The temperatures in the fluidized bed zone 200 (or combustion zone), and freeboard zone 208 sections varies depending on the CFB design and the combustion feed material. Temperatures are controlled in a range that is safely below that which the bed material could fuse to a solid. Typically, the fluidized bed zone 200 temperature is at least about 1,400° F., more typically at least about 1,500° F., and even more typically at least about 1,550° F. but typically no more than about 1,800° F., more typically no more than about 1,700° F., more typically no more than about 1,650° F., and even more typically no more than about 1,600° F. Typically, the freeboard zone 208 temperature is at least about 1,500° F., more typically at least about 1,550° F., and even more typically at least about 1,600° F. but typically no more than about 1,800° F., more typically no more than about 1,750° F., more typically no more than about 1,600° F., and even more typically no more than about 1,550° F.

The primary air 212 typically constitutes from about 30 to about 35% of the air introduced into the system; the secondary air 220 from about 50 to about 60% of the air introduced into the system; and the remainder of the air introduced into the combustor 112 is the overfire air 224.

In one configuration, additional additive is introduced in the freeboard zone 208, such as near the entrance to the cyclone 210 (where high gas velocities for turbulent mixing and significant residence time in the cyclone are provided).

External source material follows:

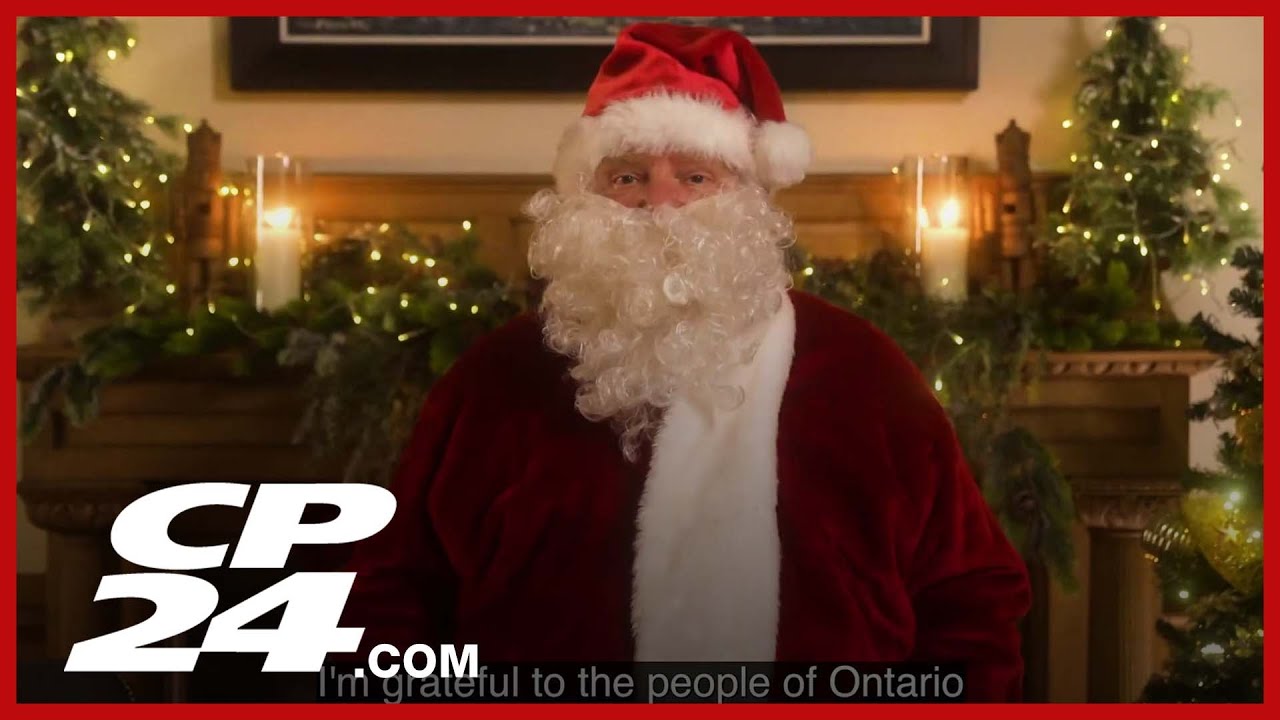 Premier Ford dresses up as Santa Claus for annual Christmas message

In other configurations, additional additive is introduced into the mixing zone 204 and/or fluidized bed zone 200.

FIG. 3 depicts a combustor 112 having a pulverized coal boiler (“PC”) design. The combustor 112 includes a PC boiler 300 in communication with a pulverizer 304. The combustion feed material 104 or 108 is comminuted in a pulverizer 304 and the comminuted combined combustion feed material 108 introduced, typically by injection, into the PC boiler 300 as shown. The particle P80 size distribution for the comminuted combustion feed material 108 particulates commonly ranges from about 325 to about 60 mesh (Tyler). Primary combustion air 304 is introduced into the combustion zone of the PC boiler 300 in spatial proximity to the point of introduction of the pulverized combustion feed material 108. Combustion off-gas or flue gas 116 is removed from the upper portion of the PC boiler 300, and ash or slag 308, the byproduct of coal combustion, from the lower portion of the PC boiler 300. In one configuration, the additive 100 is contacted with the combustion feed material 104 before comminution by the pulverizer 304. In one configuration, the additive 100 is contacted with the combustion feed material 104 during comminution. In one configuration, the additive 100 is contacted with the combustion feed material 104 after comminution.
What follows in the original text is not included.